Dans un an, on prendra les mêmes pour recommencer. Ainsi va la vie parlementaire au Cameroun. Machines à légiférer essentiellement sur les projets déposés par le pouvoir exécutif, les députés ne contrôlent que très timidement l’action du gouvernement. Installés le 25 mars 2015, le rapporteur des recettes, Luc Koa et les membres de l’équipe des rapporteurs spéciaux de l’Assemblée nationale, n’ont toujours pas pu mener à bien leur mission d’inspection dans les ministères. Après des clashs entre parlementaires et ministres, lesquels ont catégoriquement refusé d’ouvrir leurs livres de comptes, l’arbitrage de la présidence de la République a été requis. Celle-ci a instruit l’élaboration du cadre normatif devant guider les enquêtes des députés auprès des différents ministères.

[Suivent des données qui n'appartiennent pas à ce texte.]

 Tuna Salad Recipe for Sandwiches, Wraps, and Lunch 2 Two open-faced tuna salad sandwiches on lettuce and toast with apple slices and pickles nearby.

On ignore ce qu’il en est advenu.
Fragilisé par certains de ses membres qui écument les cabinets ministériels en quête de services divers, le Parlement camerounais aujourd’hui est devenu une marionnette dont le marionnettiste est le gouvernement. Quelques députés de la majorité et de l’opposition auront beau poser quelques questions orales embarrassantes, rien ne bouge fondamentalement. L’émasculation de ce contre-pouvoir, dont l’un des « contremaîtres » est Cavaye Yéguié Djibril, a la peau dure et ce n’est pas demain qu’il y aura une commission d’enquête parlementaire (la dernière remonte au cas Monchipou, il y a 17 ans) ou des pétitions contre le gouvernement.
Il n’est donc pas surprenant qu’un ministre se vante devant un camarade du parti, député réputé frondeur, en ces termes : « Que vaut un député devant un ministre ? ». Bien de choses sont sous-jacentes à cette question. En effet, au Cameroun, la légitimité par l’élection vaut peu de choses devant la légitimité par le décret. Un pied de nez à la démocratie qui s’applique crânement. L’une des incarnations les plus éclatantes de ce paradoxe camerounais, c’est le président du Sénat, Niat Njifenji, qui a été désigné sénateur par décret du chef de l’Etat, quelques jours après que d’autres sont allés à l’élection.

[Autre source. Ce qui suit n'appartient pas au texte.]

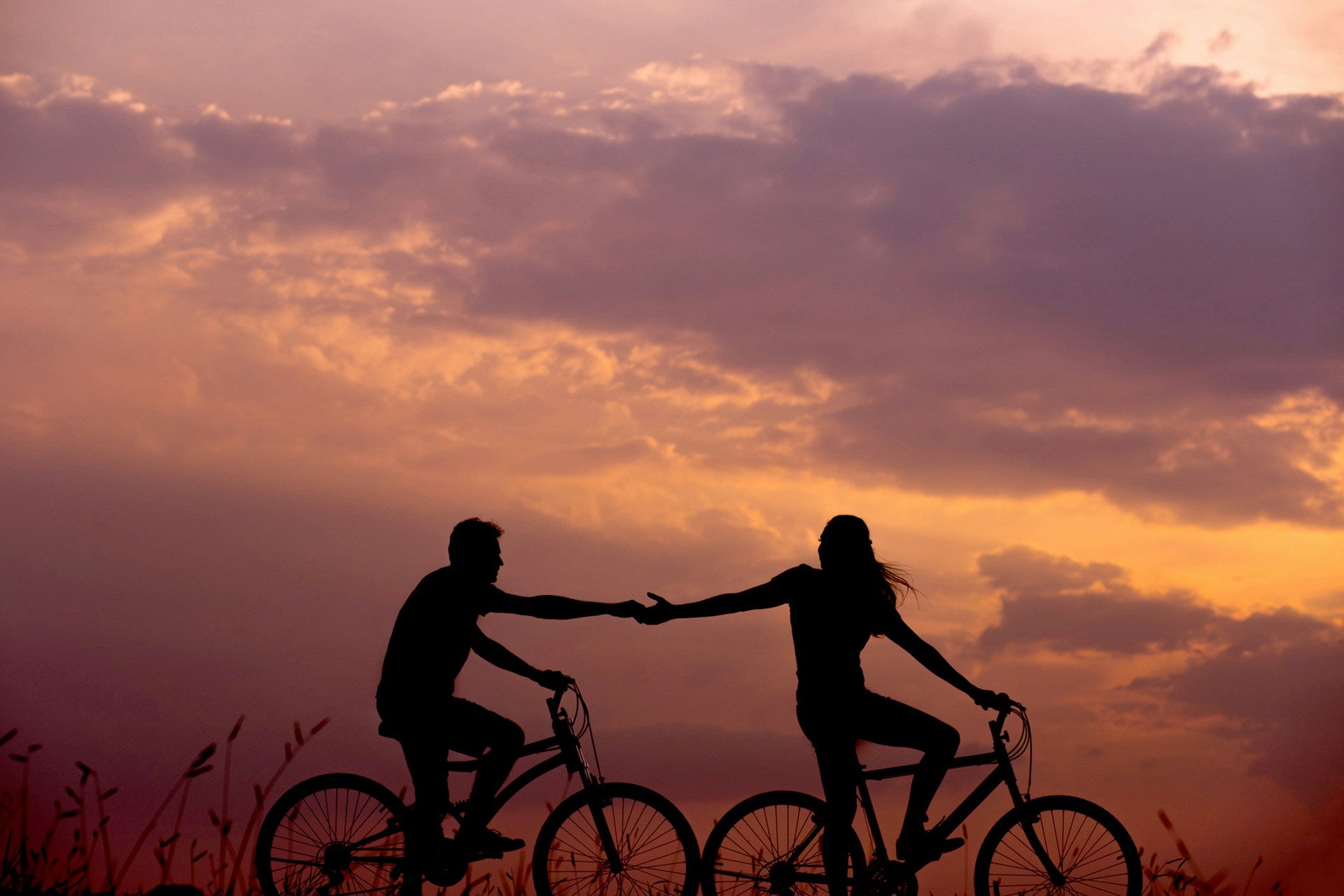 A couple riding bikes while reaching for each other with a pink sunset sky in the background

Derrière la boutade ministérielle susmentionnée se cache également une légitimité liée à la rente. Chez nous, le ministre gère sur l’année le budget de son département ministériel. Le député n’a que ses 8 millions de microprojets. Le ministre a le pouvoir de nominations et une marge de trafic d’influence plus consistante que celle des députés ou des sénateurs. A travers les marchés publics, le ministre peut changer des vies, y compris la sienne et celles des parlementaires. D’où la condescendance qui est le marqueur des relations entre ministres et parlementaires au Cameroun. Ces derniers, pour la plupart, rêvent de décrocher un maroquin de ministre.

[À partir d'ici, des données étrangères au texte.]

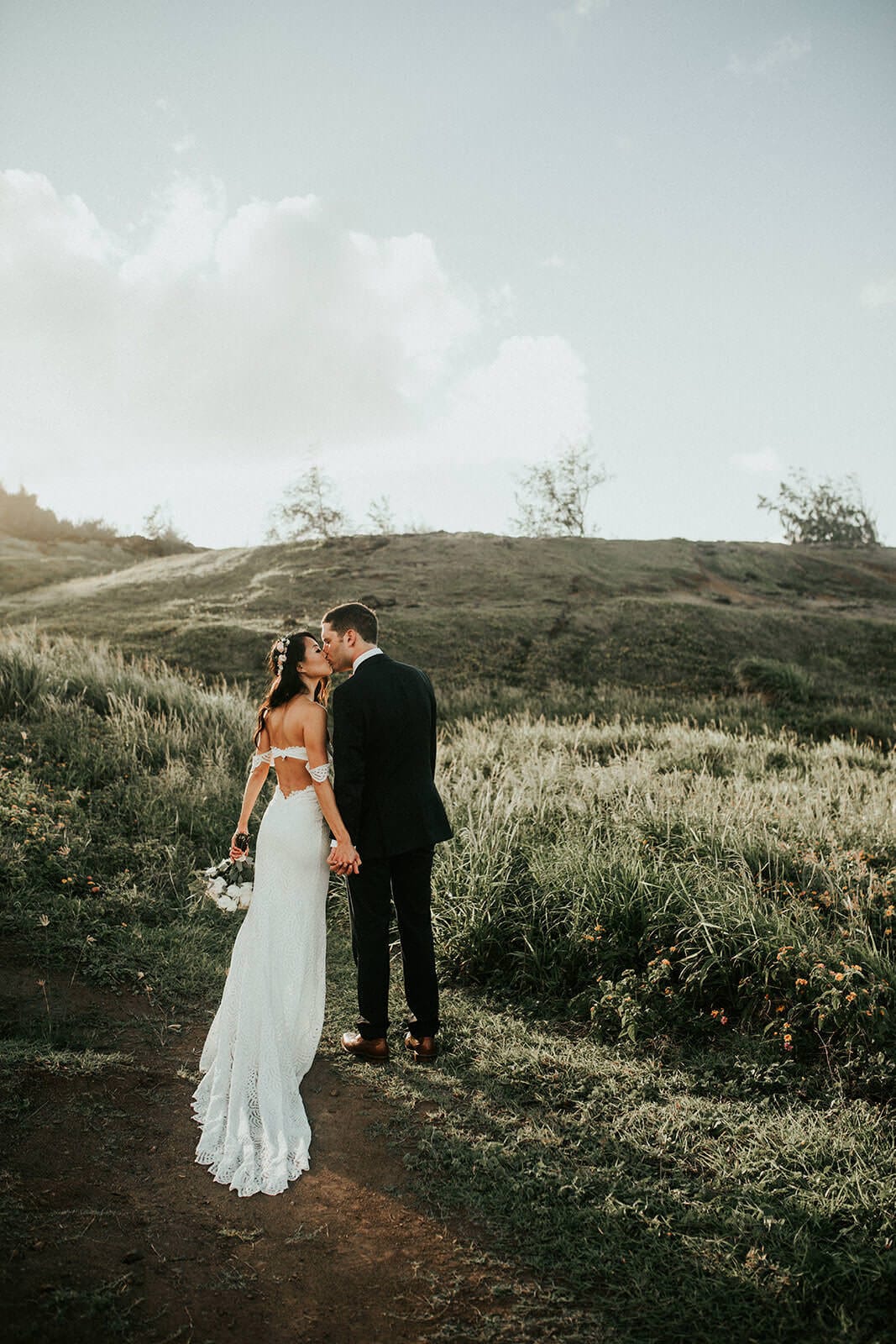 Brunette bride wearing Grace Loves Lace Paloma Gown kissing groom on green grassy hill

Pour mieux tenir en laisse les parlementaires, le secrétariat général du Rassemblement démocratique du peuple camerounais (RDPC) organise de temps à autre des concertations durant lesquelles des ministres viennent « professer » devant des députés, qui n’ont pas intérêt à les contredire, sous peine d’entrer en dissidence avec le parti, qui peut lui accorder ou lui refuser l’investiture à la prochaine élection. La boucle est ainsi bouclée.